Todo ocurrió en un lejano taller literario. Cada miércoles fracasábamos en el intento de convencer al maestro de que sabíamos escribir cuentos. Sólo un alumno se salvaba del reproche. Lo llamaré Fermín Arellano. Sus textos eran aprobados sin demasiadas enmiendas y mostraban un rasgo ajeno a los demás: tenía voz propia.
El resto del grupo imitaba a Cortázar, salvo David Zuloaga, cuyo estilo se mantenía en secreto, pues jamás llevaba un cuento.
Fermín no sólo destacaba: lo hacía a cada rato. Cada tercer miércoles, abría el portafolios que usaba en su trabajo como pasante de abogado y sacaba carpetas con documentos legales hasta llegar al fólder rojo que contenía un cuento trabajado con el rigor del que nosotros carecíamos. Su portafolios era una metáfora del taller: la buena prosa coexistía con documentos pésimamente redactados.
Sólo un detalle mitigaba nuestra envidia: Fermín Arellano era insoportable. Nunca decía un elogio ni prestaba un lápiz. Sus párpados, levemente caídos, enfatizaban la mala opinión que tenía del prójimo.
Tal vez su arrogancia habría disminuido en caso de que otro destacara. Nuestra impericia le permitía perfeccionar la estupenda opinión que tenía de sí mismo.

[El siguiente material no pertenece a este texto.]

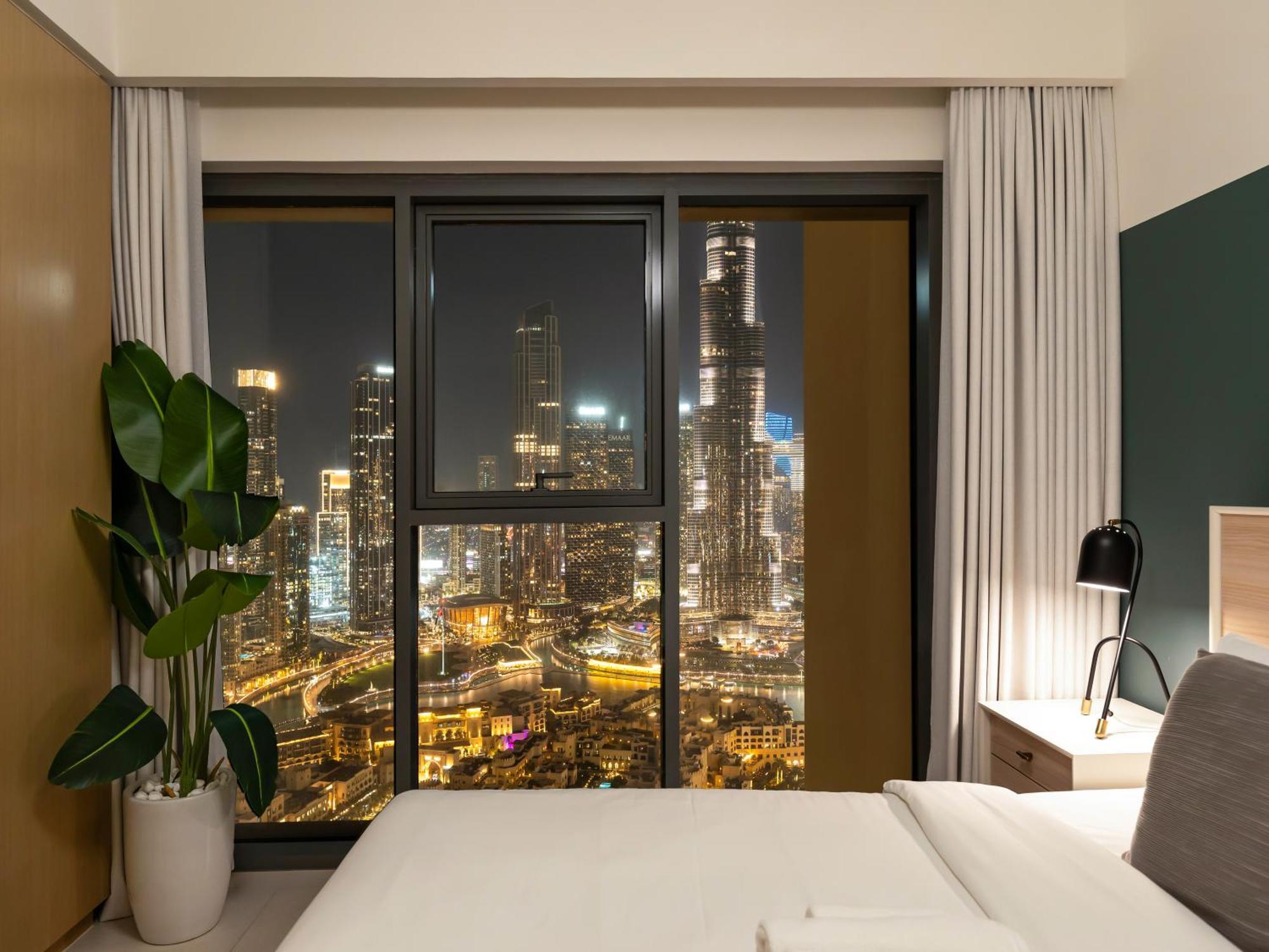 Burj Royale 3 Bedroom Full Burj Khalifa Fountain View Dubai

David, en cambio, era tan humilde que desperdició un nombre superior a un seudónimo. Se llamaba León Davídovich, en honor de Trotsky, porque su padre militaba en la Cuarta Internacional. Sin embargo, en una época en que todos queríamos ser escritores rusos, él prefirió llamarse David.
Cuando alguien leía un texto horrible y dolorosamente autobiográfico, la tensión sólo era relajada por un chiste de David. Sus comentarios carecían de sentido crítico, pero resultaban emocionalmente oportunos. Si alguien tosía, él sacaba un caramelo.

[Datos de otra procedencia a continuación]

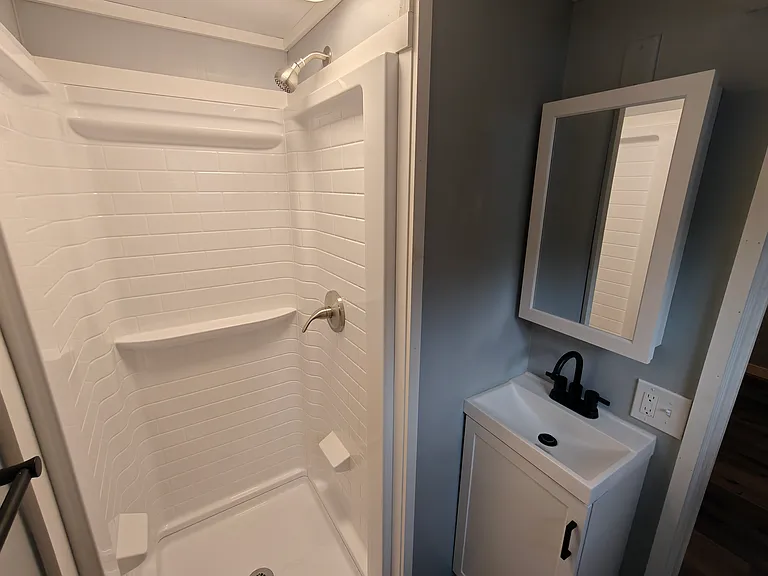 143 Brighton Dr — Photo 12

Pasaron meses sin que mostrara otra cosa que simpatía hasta que el maestro lo conminó a llevar un texto.
Al siguiente miércoles, Fermín iba a abrir su fólder rojo, cuando el maestro lo atajó, señalando a David, que sostenía unas cuartillas con manos temblorosas. La sesión estaría dedicada al joven que no quiso llamarse León Davídovich.

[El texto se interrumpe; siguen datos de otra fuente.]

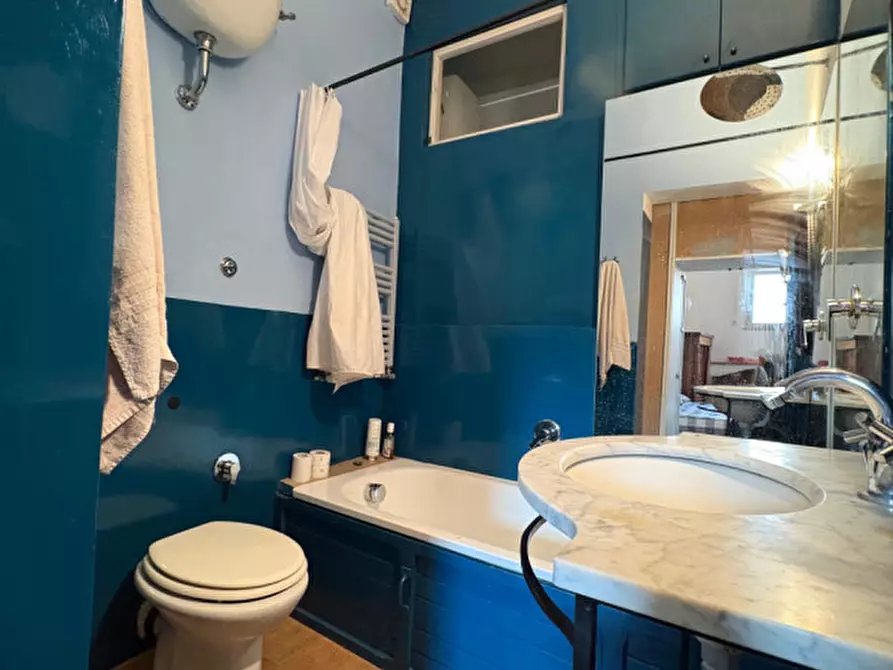 Immagine 22 di Appartamento in vendita  in piazza de' renzi a Roma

Para nuestra sorpresa, el relato era estupendo. Aunque fue leído con nerviosismo, transmitió una sencilla maestría. El protagonista era un chico pobre y supusimos que David había pasado por carencias que recreaba con autenticidad. Le llovieron elogios mientras el fólder rojo regresaba al portafolios sin ser abierto.
Una semana más tarde ocurrió el núcleo de esta historia. Con punitiva precisión, Fermín Arellano demostró que David Zuloaga había copiado un cuento del escritor chileno Manuel Rojas, desconocido en México. El inculpado oyó la acusación como un disidente en los Juicios de Moscú. Confesó que su padre tenía un libro de Rojas, confesó que calcó cada palabra, confesó que lo hizo para seguir con nosotros, pues nunca había pensado escribir nada.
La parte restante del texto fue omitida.